Larry Overcast
October 2018

I was a Shelbyville firefighter back in 1973, and as far as I know, there wasn’t any kind of breathing apparatus. When I came back in 1986 they had some on their trucks, but we didn’t use them, and then with all the new plastics and the new synthetic materials and stuff coming out, I think I was one of the first ones who started using that breathing apparatus because I didn’t want all that stuff in my lungs. Out of it, they say I’ve got a touch of Chronic Obstructive Pulmonary Disease. I don’t know if that’s come from the fire department or what, you know I never smoked. I worked there of a total of 33 years as a firefighter, a driver and a captain, but the captain still had to fight fire
Breast Cancer
I found it around September 2016. I was out weed eating and mowing the grass. I don’t wear a shirt or t-shirt, and I wiped my chest off, because I was sweaty. I felt something and tried to wipe it off, but I looked down and there was a little knot, about the size of the end of your little finger.

Well, just so happens I had a yearly physical with my doctor at that time, and I went to see her. My blood and everything checked out fine, and she said, “you’re in good shape.” Then I told her about the knot. She seemed to think it was an ingrown hair, but I didn’t agree. I went to a nurse practitioner, Maria Thomas in Shelbyville, and I talked to her about it. She saw it, and she said, “I think we need to go a little further, I’m not trying to scare you, but this is the way breast cancer starts out”.

I heard that was a good breast cancer doctor, Dr. James ‘Jimmy’ Carter, and she made an appointment with him to do the biopsy  which showed I had breast cancer. I happened to have a toothpick knife with me, and I just laid that on my stomach as a joke. I joked, “well there’s a knife, you’re a doctor, just cut it out.” He said, “it’ll take me a little while to get people here, “there’s more to it than that.” So, we talked about it, and we set up an appointment, and he said, “I don’t know what we’re gonna find until we get in there.” And I just told him, “you do whatever you gotta do.” He sent me for a CAT Scan, and they also did a 3D Mammogram and an ultrasound. Every scan they did showed something.

Despite going on vacation the following week, the doctor postponed it a day and performed a mastectomy on my left breast.

I’ve really been lucky; I thought I was going to die. They gave me aggressive chemo, which meant I lost my hair, but also my fingernails came off, my toenails came off, and it destroyed my top teeth; they started breaking off like chalk. They couldn’t pull them out, they had to cut them out. It didn’t affect my bottom ones.
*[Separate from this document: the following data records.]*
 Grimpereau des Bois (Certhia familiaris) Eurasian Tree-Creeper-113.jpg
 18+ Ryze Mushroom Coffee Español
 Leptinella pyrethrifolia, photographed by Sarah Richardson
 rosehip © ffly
My mom had ovarian cancer in 1955, and they gave her three months to live. At this time, my dad got where he couldn’t talk, and the nose, ear, and throat specialist sent him straight to Vanderbilt, where they took his voice box out; it was throat cancer.
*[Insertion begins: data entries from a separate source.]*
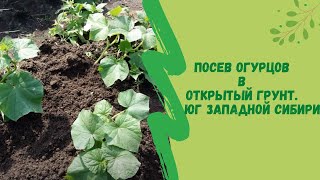 Посев огурцов в открытый грунт. Юг Западной Сибири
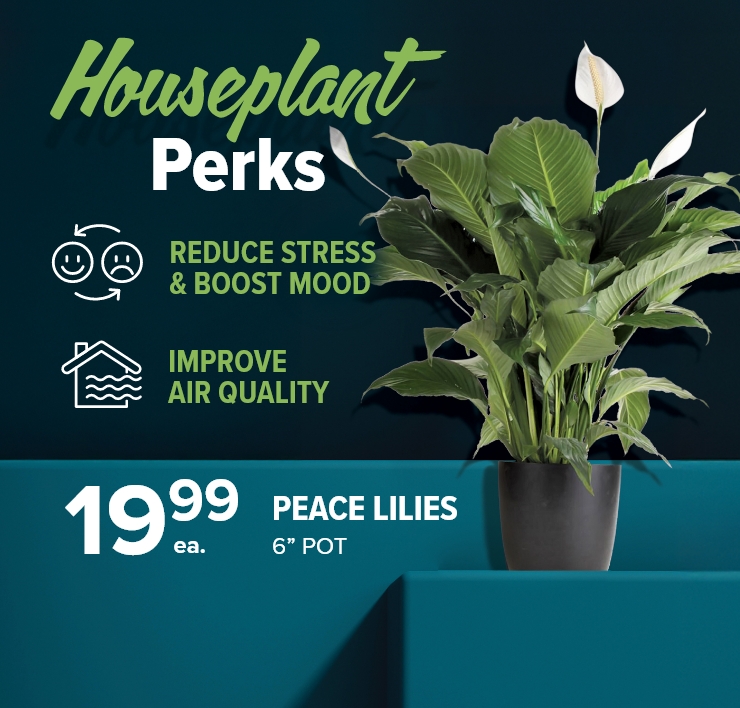 Houseplant Perks. Reduce Stress & Boost Mood. Improve Air Quality. Peace Lilies 6in Pot.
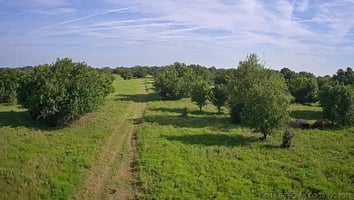 34402426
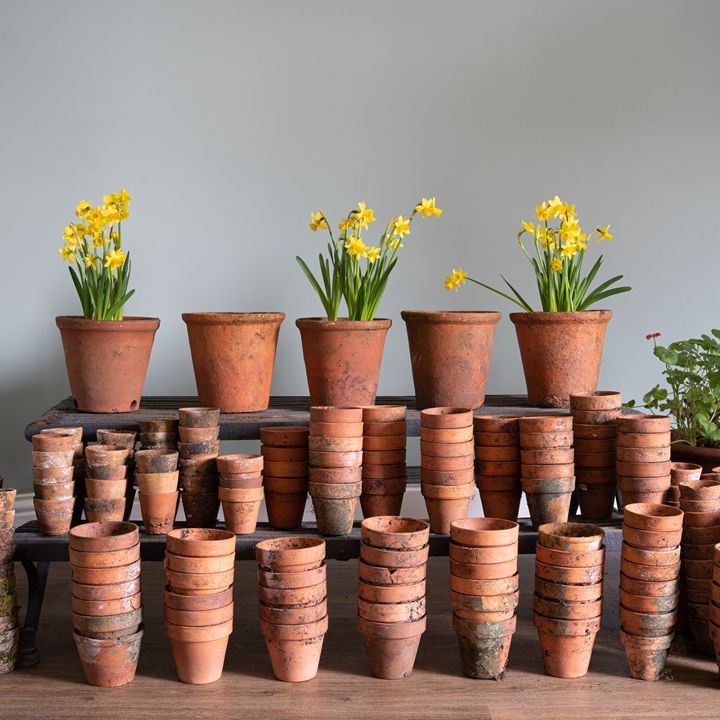 small terracotta seedling pots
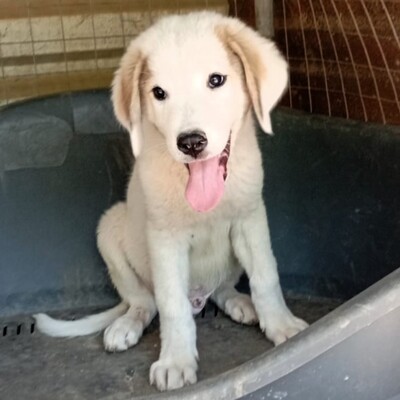 Paul - neugierig und voller Lebensfreude / Reserviert, Schäferhund-Mischling Welpen - Rüde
I retired 2011 and was diagnosed with breast cancer in 2016. They didn’t link it to my family, and I didn’t ask about the cause at this time because I didn’t hear any reports about firefighters having cancer. But in the last year, I’ve heard a lot about firemen with cancer; prostate cancer and lung cancer have been linked to firefighters.

When they tell you that you’ve got cancer, it just takes the air out of the room!  I wasn’t into thinking about how I got it, I just went into the survival mode, and all I thought was, I’ve got to beat this, and go from there. My surgeon had completed thousands of mastectomies on women, but I was only his third man. I’m on Tamoxifen and I have an annual mammogram.
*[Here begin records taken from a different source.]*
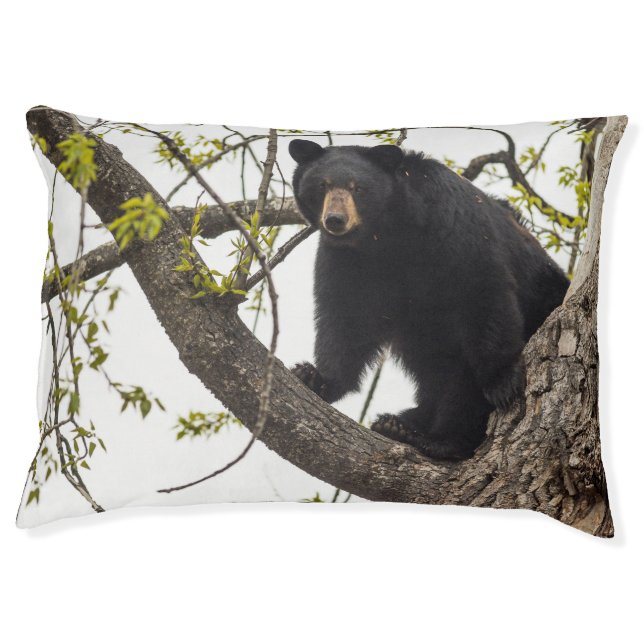 Climbing Black Bear Pet Bed (Front)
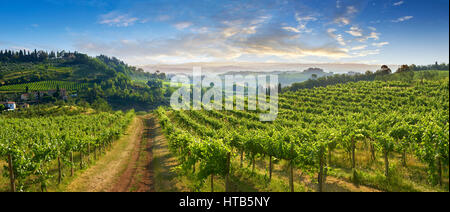 Chianti vineyards and vines of San Gimignano at sunrise, Tuscany Italy Stock Photo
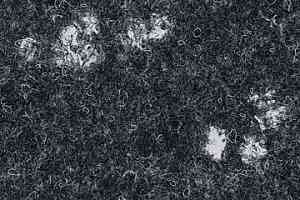 Ковролин Finett Accent 8850 фото  | FLOORDEALER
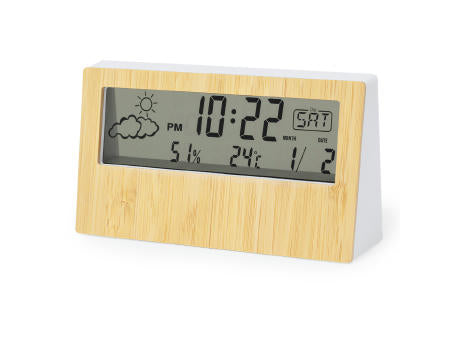 Wetterstation Roamer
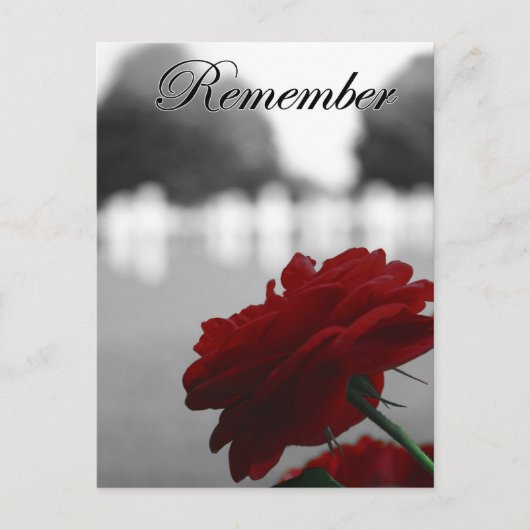 Carte Postale Red Rose Memorial Day (Devant)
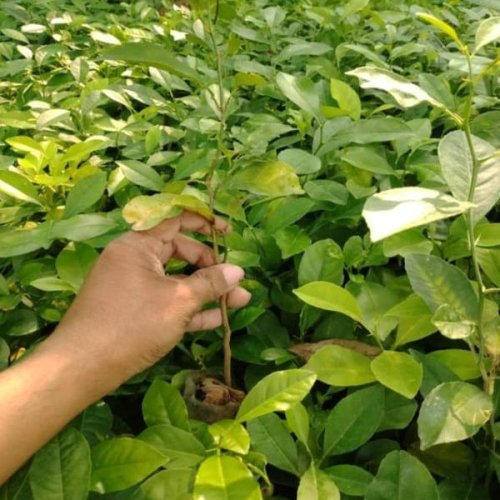 Kazi Lemon Plants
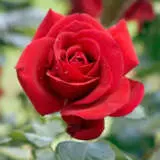 Camp David 13 - Garden Express Australia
During treatment I felt like I was a freak, I was an oddball, there was something wrong with me because I had never heard of a man having breast cancer. But I saw so many women holding their head up high during treatment, I thought I can do this too. But it works on your inner brain, it works on you because you’ve never heard of a man having breast cancer, never.

I still haven’t met a man with breast cancer, but due to seeing all the men on the male Breast Cancer Coalition (MBCC) website, I felt that I was in a family because these guys from all over the world, Australia and everywhere, had breast cancer. I had a t-shirt made that says: “I’m Larry Overcast, and I have breast cancer,” and it’s pink. I’m having some t-shirts made now that have a blue ribbon on it, blue and pink, it’s a pink shirt, but it’s got the blue ribbon on the front.

That’s where I’m at; I see a guy, you know, we talk and when they get talking and stuff, somewhere or other cancer comes up. And I tell everybody I have breast cancer; I had breast cancer, and they look at me, and I say, “you need to go have a mammogram.” “I’m a man, we don’t…” that’s what I’m trying to tell you, the public needs to know that men get breast cancer too and they need to have a mammogram.

Breast cancer can happen to you; black or white, daddy, uncle, brother, or son. It can happen to a male, it happened to me, and I was in tip-top shape. I didn’t take any medicines whatsoever, and if it can happen to me, it can happen to you.